Так Женя говорил о Юрочке. И я поняла. Мне приоткрылась тайна его несостоявшегося отцовства. Женя распорядился Юрочкой, как распорядился бы своим сыном. Он чувствовал на него какое-то свое право.

Фирсовы дали Жене то, чего не могла дать я.

Следовательно, во всем, что случилось, самая большая вина — моя.

Больше мы никогда с Женей не говорили о Юрочке. Ни разу с тех пор.

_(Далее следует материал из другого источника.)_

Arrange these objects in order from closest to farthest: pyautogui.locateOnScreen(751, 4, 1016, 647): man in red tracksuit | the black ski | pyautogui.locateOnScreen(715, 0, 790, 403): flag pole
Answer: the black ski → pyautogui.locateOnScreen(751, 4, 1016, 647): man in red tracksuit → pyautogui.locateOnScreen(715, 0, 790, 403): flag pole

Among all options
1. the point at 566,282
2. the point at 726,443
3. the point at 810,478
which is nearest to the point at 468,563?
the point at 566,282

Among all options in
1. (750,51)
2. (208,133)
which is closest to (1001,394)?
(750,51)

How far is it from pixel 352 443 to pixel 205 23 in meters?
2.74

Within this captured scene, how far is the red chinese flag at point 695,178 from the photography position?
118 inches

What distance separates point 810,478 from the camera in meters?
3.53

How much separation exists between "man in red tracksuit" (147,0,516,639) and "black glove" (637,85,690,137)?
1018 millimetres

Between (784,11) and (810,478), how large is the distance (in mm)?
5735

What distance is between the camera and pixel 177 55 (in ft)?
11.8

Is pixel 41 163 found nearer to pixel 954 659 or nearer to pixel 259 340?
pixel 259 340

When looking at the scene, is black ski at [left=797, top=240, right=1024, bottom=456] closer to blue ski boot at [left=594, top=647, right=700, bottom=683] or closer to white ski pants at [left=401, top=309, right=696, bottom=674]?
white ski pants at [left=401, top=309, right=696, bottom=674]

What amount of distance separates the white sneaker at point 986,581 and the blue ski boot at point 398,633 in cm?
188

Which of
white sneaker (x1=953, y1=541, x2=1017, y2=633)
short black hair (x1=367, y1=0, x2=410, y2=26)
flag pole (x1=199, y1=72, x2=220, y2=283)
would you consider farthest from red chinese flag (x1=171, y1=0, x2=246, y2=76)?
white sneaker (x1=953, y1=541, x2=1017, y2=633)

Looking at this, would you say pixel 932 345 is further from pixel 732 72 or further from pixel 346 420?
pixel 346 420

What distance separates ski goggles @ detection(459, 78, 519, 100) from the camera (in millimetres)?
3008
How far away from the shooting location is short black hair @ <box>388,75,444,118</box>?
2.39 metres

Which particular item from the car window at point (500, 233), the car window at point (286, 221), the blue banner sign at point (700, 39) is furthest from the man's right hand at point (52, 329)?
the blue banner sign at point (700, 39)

И никто на свете не знает того, что знаем мы с Женей вдвоем.

Теперь, когда у нас позади мигалка «скорой помощи», я не хочу, чтобы Женя бодрствовал по ночам, размышляя о вещах неразрешимых. Он умеет отказывать себе, но не умеет отступаться. Теперь-то я отлично понимаю разницу.

И тут помочь мог только Сева Ижорцев. Что ж с того, что он казался мне непонятным — значит, надо искать разгадку. Ведь вот не бросил же он нашу старую хозяйку Ангелину Степановну. А мы с Женей бросили. Не все поступки соответствуют человеку. И не все мысли. Есть еще какой-то крен, состояние, наваждение.

Но нужно искать пути от человека к человеку. Мы разные существа, но нам даны язык, сердце, ум.

Нет на свете безупречно правых людей. Как нет, должно быть, безупречных истин. Везде нужна поправка на человечность. Простой бесхитростности — вот чего нам не хватает. Как часто мы не доверяем ее мудрому началу.

С этими мыслями я отправилась к Ижорцеву («А солнце: «Ладно, не горюй, смотри на вещи просто»).

В приемной генеральной дирекции шла перестройка и капитальный ремонт. Дюймовочка с юной помощницей была загнана в угол под сень молота, отлитого в подарок заводу немецкими товарищами. Стопки паркета, перетянутые бечевкой, громоздились вдоль стен, представляя реальную возможность обвала. Ввиду этого Дюймовочка опасалась сотрясать воздух разговором и только проводила меня глазами.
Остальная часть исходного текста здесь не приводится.